_Requirement_
Your answer should be every line of the entries that has the string "invitations" in it.

Brief descriptive captions
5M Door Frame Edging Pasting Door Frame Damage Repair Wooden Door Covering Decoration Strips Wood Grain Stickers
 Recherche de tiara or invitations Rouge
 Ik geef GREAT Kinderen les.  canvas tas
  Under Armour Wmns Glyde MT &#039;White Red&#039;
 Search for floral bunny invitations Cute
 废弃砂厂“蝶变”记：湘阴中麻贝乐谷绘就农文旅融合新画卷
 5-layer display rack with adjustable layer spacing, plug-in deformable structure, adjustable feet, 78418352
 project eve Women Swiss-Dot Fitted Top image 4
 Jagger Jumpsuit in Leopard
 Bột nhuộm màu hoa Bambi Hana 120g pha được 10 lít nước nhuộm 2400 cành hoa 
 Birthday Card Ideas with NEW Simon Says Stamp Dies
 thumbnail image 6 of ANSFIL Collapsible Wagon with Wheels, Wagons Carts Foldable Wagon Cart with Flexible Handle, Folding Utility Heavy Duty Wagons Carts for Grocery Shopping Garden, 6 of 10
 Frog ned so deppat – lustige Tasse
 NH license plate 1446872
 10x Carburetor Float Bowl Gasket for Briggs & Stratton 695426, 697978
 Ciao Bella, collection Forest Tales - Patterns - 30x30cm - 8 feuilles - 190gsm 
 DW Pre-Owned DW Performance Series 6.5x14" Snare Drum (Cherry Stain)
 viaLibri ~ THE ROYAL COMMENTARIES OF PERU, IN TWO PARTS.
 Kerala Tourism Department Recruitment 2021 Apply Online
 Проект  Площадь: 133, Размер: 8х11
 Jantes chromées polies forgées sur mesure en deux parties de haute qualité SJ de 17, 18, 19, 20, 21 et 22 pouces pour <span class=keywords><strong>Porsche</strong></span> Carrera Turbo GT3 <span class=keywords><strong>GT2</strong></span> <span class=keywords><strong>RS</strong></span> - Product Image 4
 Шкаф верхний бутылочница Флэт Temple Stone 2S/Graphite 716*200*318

_Exercise answer_
 Recherche de tiara or invitations Rouge
 Search for floral bunny invitations Cute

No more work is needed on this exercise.